Work item:
The task calls for the lines below from the line with "atlas-featured-8771-1775583139-a4FfXT" to the line with "2025-10-31 Newsletter", both ends included, copied exactly, without any pictures.

===== Information supplied

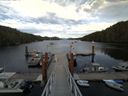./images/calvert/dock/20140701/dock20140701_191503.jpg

==========
===== Information supplied

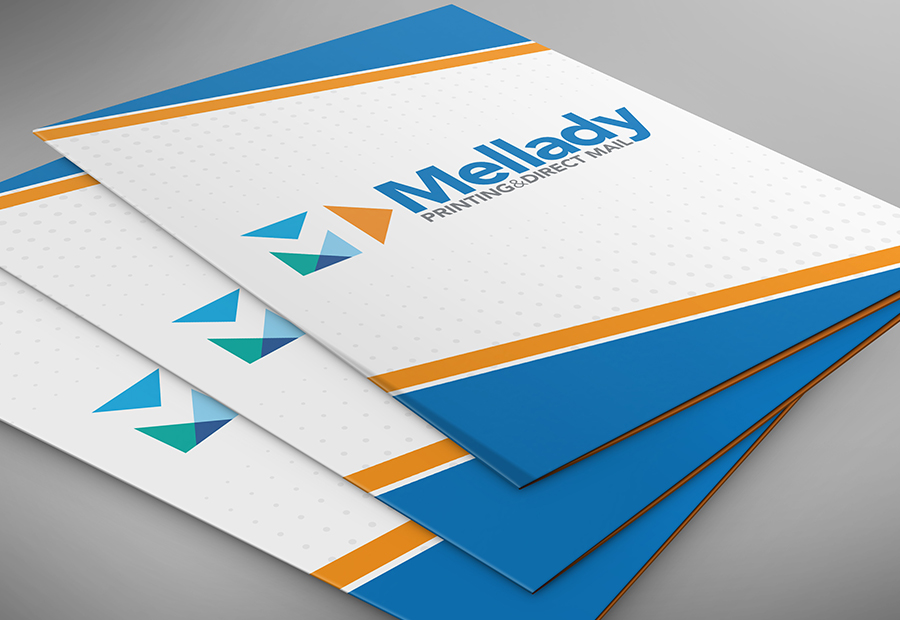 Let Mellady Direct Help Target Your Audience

==========
===== Information supplied

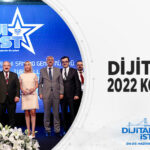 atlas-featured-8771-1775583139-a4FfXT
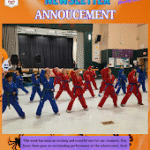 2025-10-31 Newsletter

==========

Result of this task:
 atlas-featured-8771-1775583139-a4FfXT
 2025-10-31 Newsletter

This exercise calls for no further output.